What the exercise asks: Leave out the pictures. Return every record otherwise untouched.

Crawled caption data:
========================

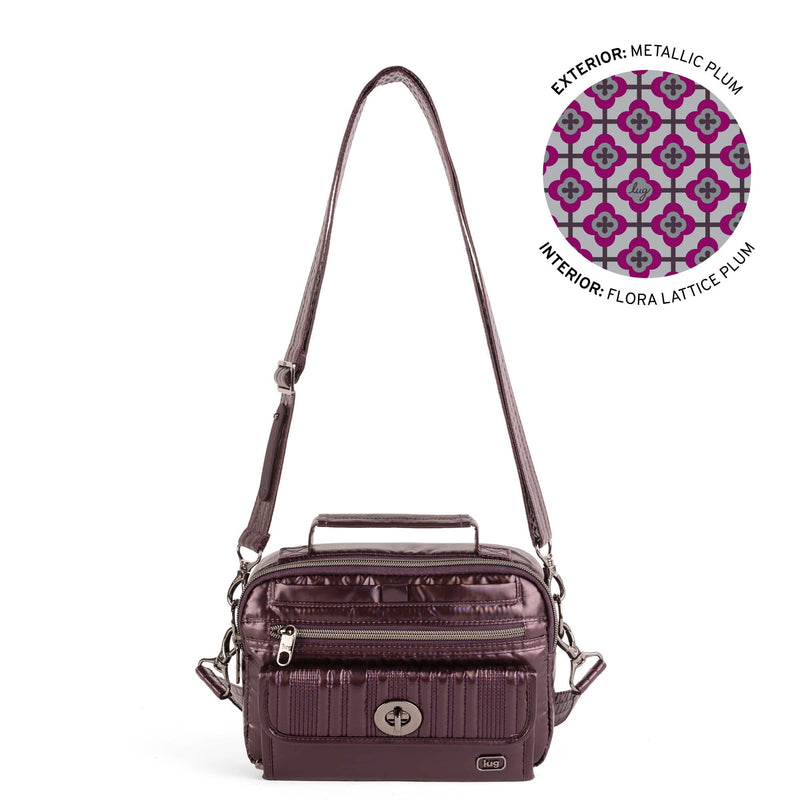 Switch SE Crossbody Bag - METALLIC PLUM | LUG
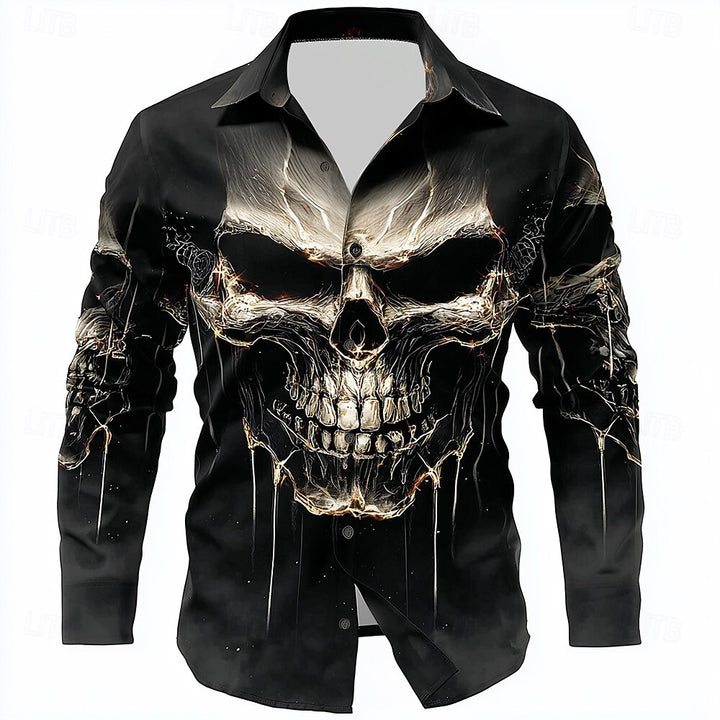 Blackwell Skull Print Shirt
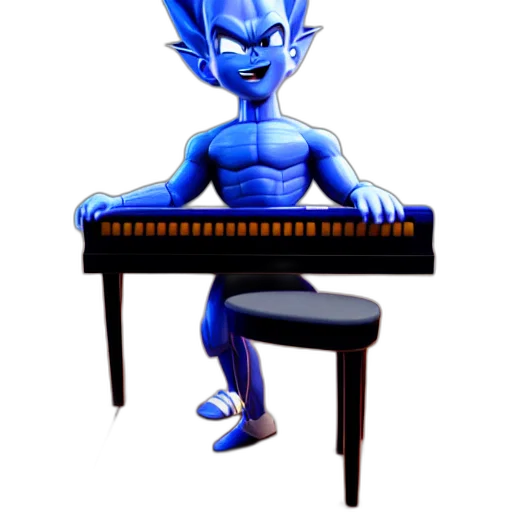 furniture, creature, staff, robot, concept art, 3d render, cartoon, pixel art transparent PNG cut-out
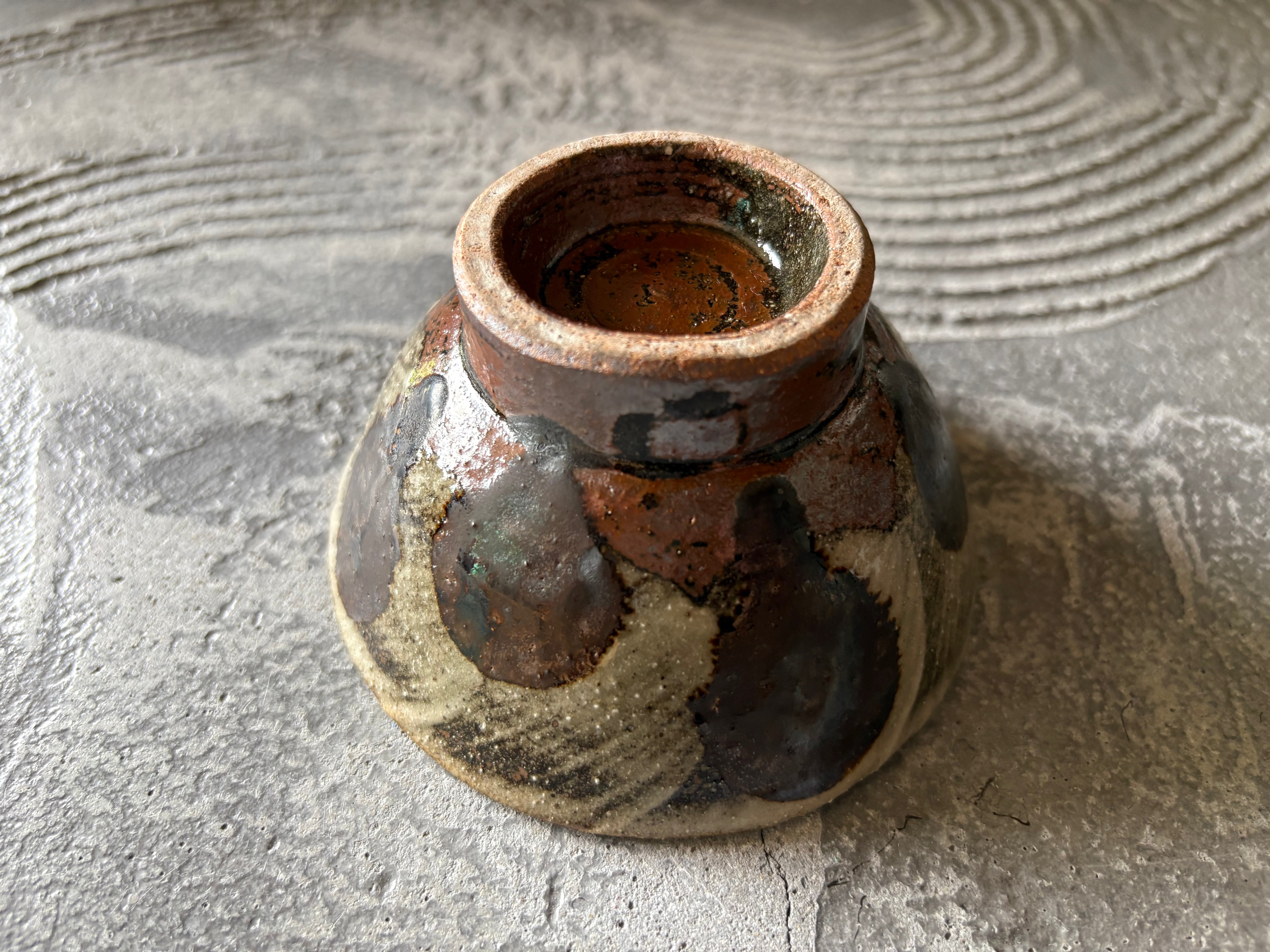 深貝工房【沖縄】深貝公拓  3.5寸マカイ　お茶碗80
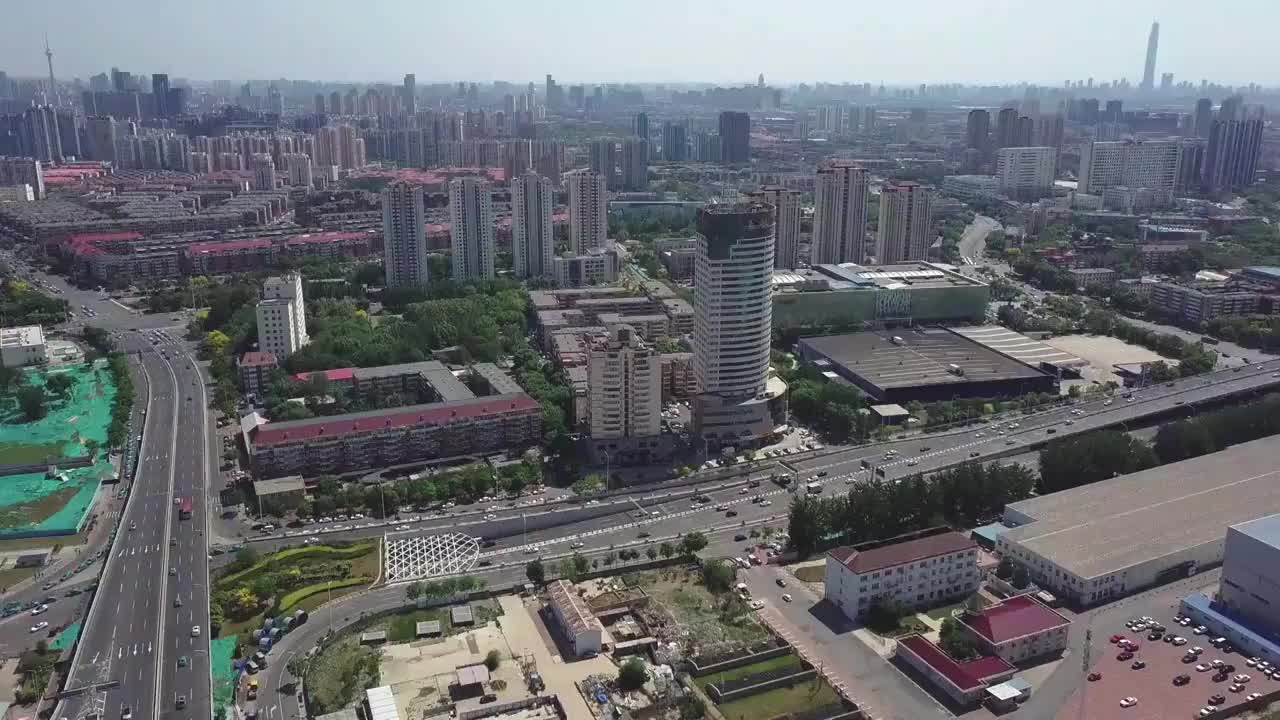 天津 地标 航拍素材 天津市 城市 商业 风光片 4k 航拍视频素材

========================

Solution for this task:
 Switch SE Crossbody Bag - METALLIC PLUM | LUG
 Blackwell Skull Print Shirt
 furniture, creature, staff, robot, concept art, 3d render, cartoon, pixel art transparent PNG cut-out
 深貝工房【沖縄】深貝公拓  3.5寸マカイ　お茶碗80
 天津 地标 航拍素材 天津市 城市 商业 风光片 4k 航拍视频素材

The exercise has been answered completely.